Monday, December 16, 2013

Fluid Intelligence and the NECAP Math

Anne Trafton:

In a study of nearly 1,400 eighth-graders in the Boston public school system, the researchers found that some schools have successfully raised their students’ scores on the Massachusetts Comprehensive Assessment System (MCAS). However, those schools had almost no effect on students’ performance on tests of fluid intelligence skills, such as working memory capacity, speed of information processing, and ability to solve abstract problems.

“Our original question was this: If you have a school that’s effectively helping kids from lower socioeconomic environments by moving up their scores and improving their chances to go to college, then are those changes accompanied by gains in additional cognitive skills?” says John Gabrieli, the Grover M. Hermann Professor of Health Sciences and Technology, professor of brain and cognitive sciences, and senior author of a forthcoming Psychological Science paper describing the findings.

Instead, the researchers found that educational practices designed to raise knowledge and boost test scores do not improve fluid intelligence. “It doesn’t seem like you get these skills for free in the way that you might hope, just by doing a lot of studying and being a good student,” says Gabrieli, who is also a member of MIT’s McGovern Institute for Brain Research.

Gabrieli's point is key to understanding this. It doesn't show that the MCAS, or schooling as it is currently constructed, demonstrates less than it claims to, but that it doesn't give you more "for free."

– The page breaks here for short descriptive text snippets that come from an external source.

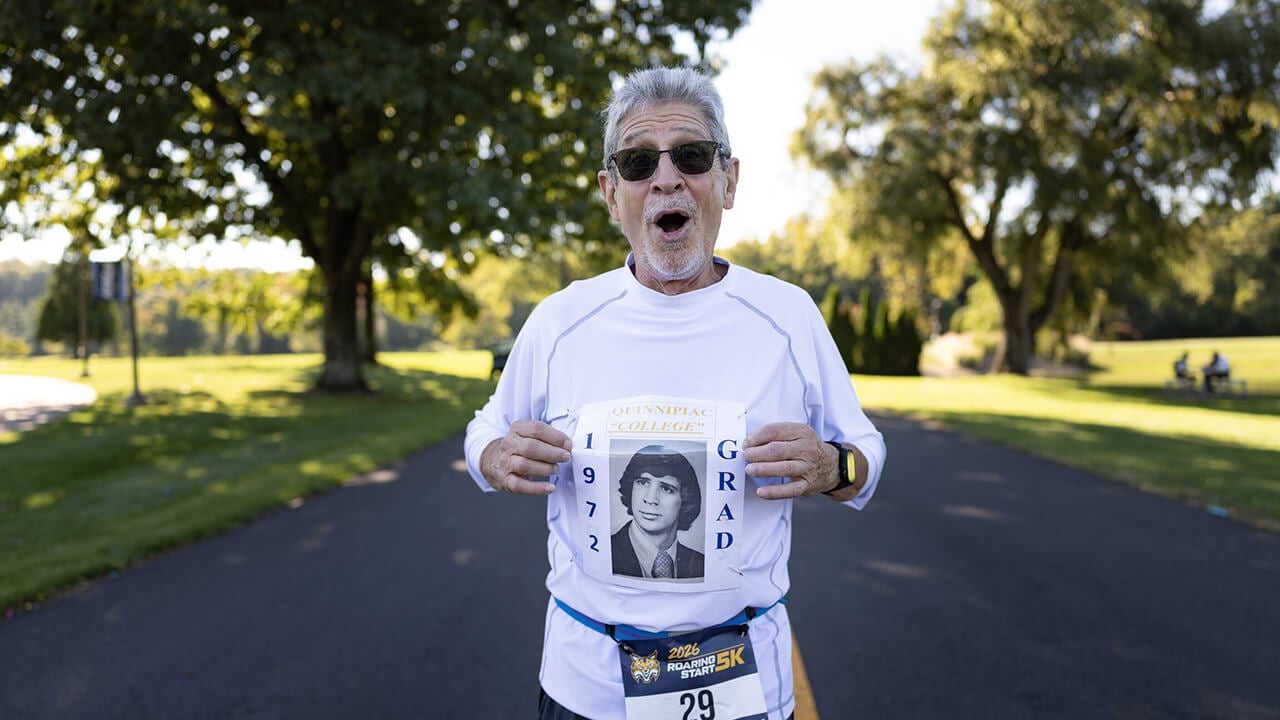 A runner posing with a customized shirt.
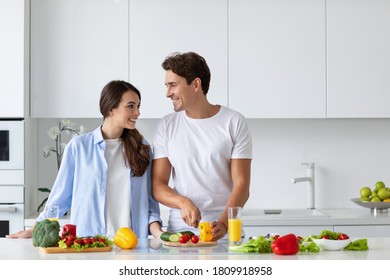 Cute couple cooking in kitchen, man chopping vegetables. Healthy food concept. - Powered by Shutterstock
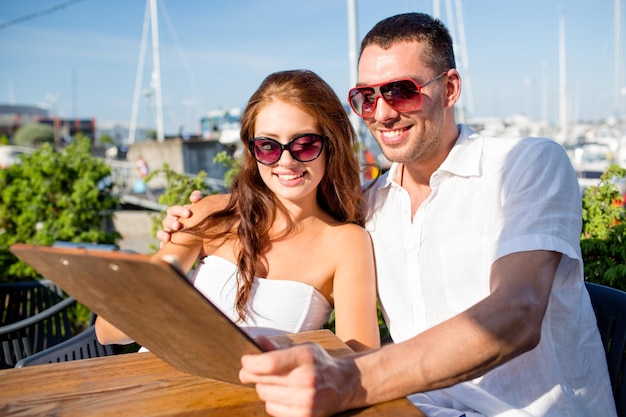 Amor, namoro, pessoas e conceito de comida - casal sorridente usando óculos escuros olhando o menu no terraço do café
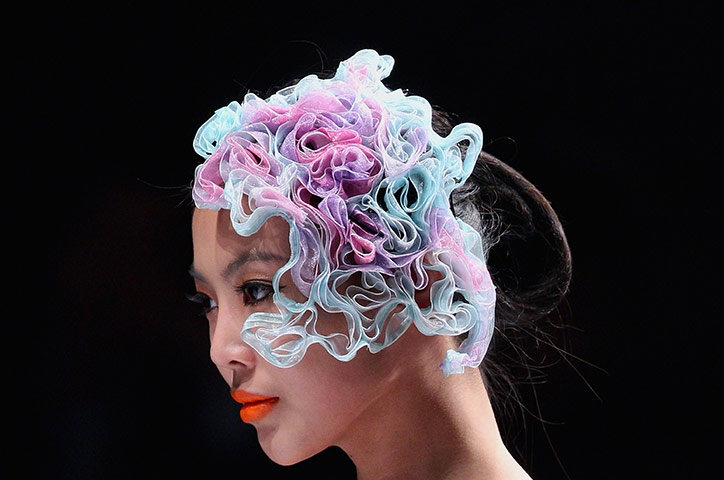 24 hours in pictures: Beijing, China: A model during China Fashion Week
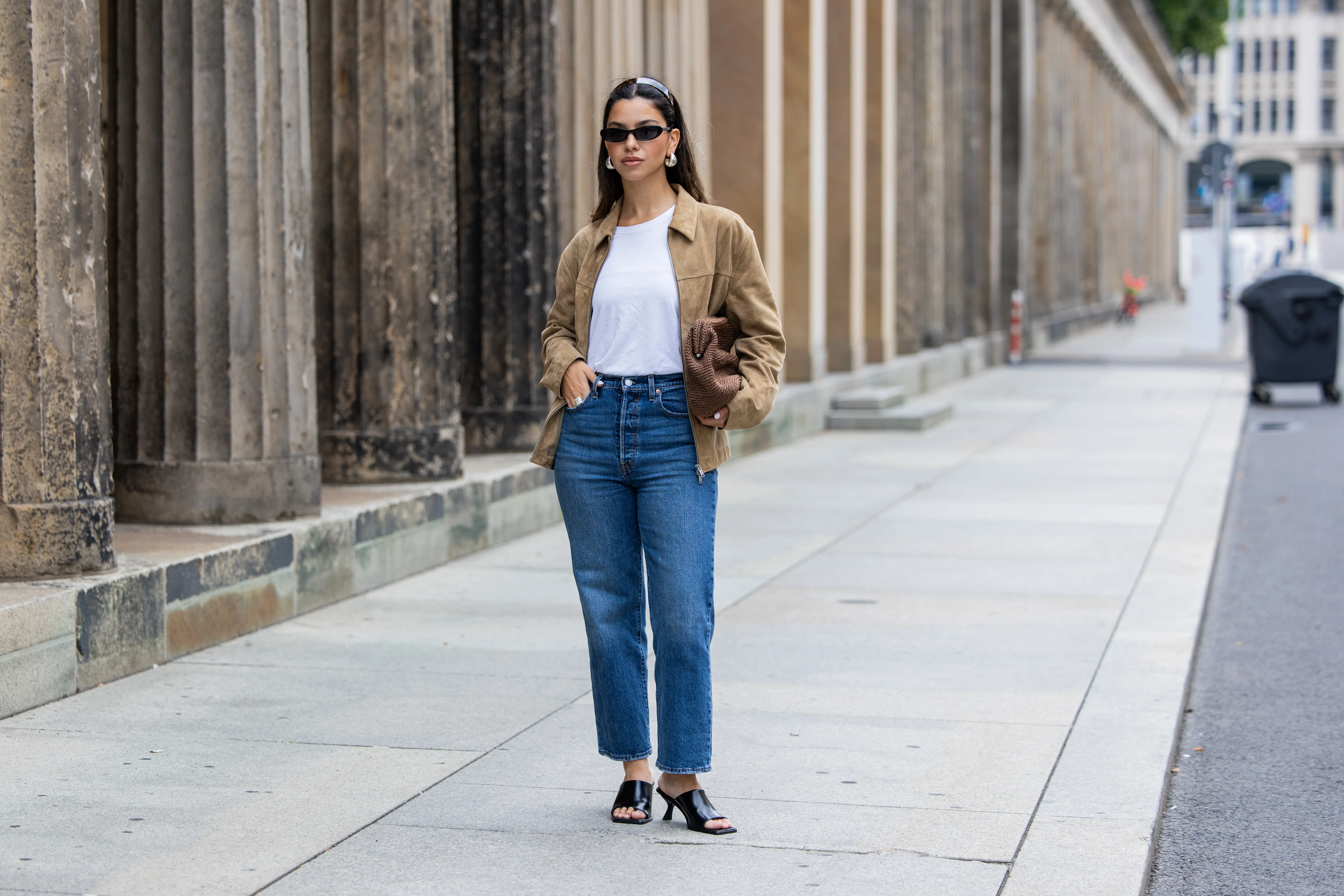 Bella Emar wears Levi’s blue denim jeans, white Cos t-shirt, brown Massimo Dutti Jacket, black H&M Heels, Mango sunglasses during the Berlin Fashion Week SS25 on July 01, 2024 in Berlin, Germany.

I suspect this is highly relevant for understanding the 11th grade math NECAP scores, though. That test certainly seems to emphasize "fluid intelligence skills" as they're described in the article, which on one hand is admirable if that's what you really want kids to be able to do, but on the other hand, we genuinely don't seem to know how to teach those skills in school.

If you did have a test that emphasized skills that schooling doesn't currently affect, you'd get scores that not only were overwhelmingly based on out of school factors, even compared to other standardized tests, but that would remain remarkably resistant to any and all common interventions. As is the case with 11th grade NECAP math scores.